Quelques personnalités publiques ont attiré l'attention, à l'image du chanteur de U2, Bono, accompagné de son épouse Ali Hewson, et qui a pu croiser l'ancienne présidente irlandaise Mary Robinson. L'ancien secrétaire général des Nations unies Kofi Annan et l'archevêque sud-africain Desmond Tutu, ami intime de la princesse Mabel qui s'était fait l'écho à l'automne dernier d'un bref réveil du prince Friso ont pris part à l'hommage, en raison de leurs liens d'amitié très forts avec la veuve, tout comme d'autres membres ou ex-membres du groupe international The Elders ("Les Anciens"), un think tank fondé notamment par Nelson Mandela et dont la princesse Mabel occupait la présidence, jusqu'à sa décision de démissionner en 2012 suite à l'accident de Friso.
Représentant le roi Harald V de Norvège, qui était le parrain du fils de Beatrix, le prince héritier Haakon de Norvège ainsi que sa soeur la princesse Märtha-Louise, avec son époux Ari Behn, avaient fait le déplacement, tout comme l'ancien Premier ministre de leur pays Gro Harlem Brutland. La famille royale jordanienne était également représentée, par le prince Hassan et la princesse Sarvath, venus avec leur fille la princesse Badiya.
Diplômé d'ingénierie aéronautique à l'Université de Technologie de Delft, le prince Friso, qui oeuvrait pour la compagnie nucléaire Urenco au moment de son décès, est le premier prince depuis plusieurs générations à ne pas être enterré dans la Nieuwe Kerk (Nouvelle église) de cette commune de l'agglomération de La Haye, incongruité qui a été expliquée par le fait que le défunt ne faisait plus partie de la Maison royale néerlandaise : il avait en effet abdiqué ses droits pour épouser le 24 avril 2004 Mabel Wisse Smit sans l'approbation du Parlement (le gouvernement, en accord avec le couple, ne l'avait pas sollicité en raison d'informations "incomplètes ou erronées" fournies par Mabel quant à une relation amicale passée avec un parrain de la drogue notoire). D'un point de vue un peu plus romantique, corroboré par cette fameuse "manche blanche" qu'arborait la princesse Mabel, on peut aussi supposer que la signification sentimentale de la Vieille Eglise est un argument majeur...

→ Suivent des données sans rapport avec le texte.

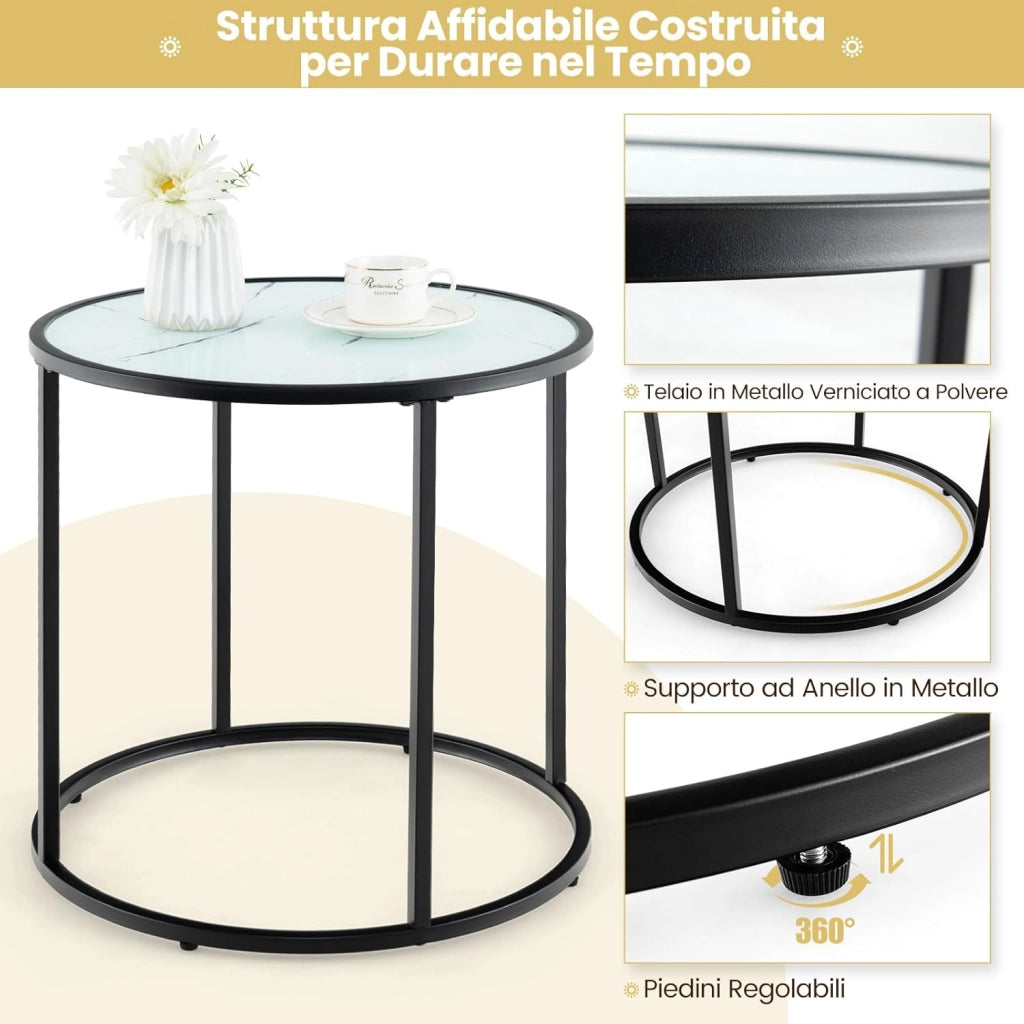 Tavolino da Salotto in Vetro, Tavolino Rotondo con Struttura in Metallo e Piano in Vetro Effetto Marmo, Tavolino da Caffè Moderno per Soggiorno, Camera da Letto e Balcone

A la rentrée, en septembre, la famille royale avait mis des mots sur son émotion et son chagrin, dans un message public diffusé suite aux funérailles : "Le dévouement de Friso, sa loyauté et son amour comptaient énormément pour nous. Sa vivacité d'esprit, sa manière de voir les choses, son humour et sa présence pleine d'assurance mais dépourvue de prétention resteront à jamais dans notre coeur."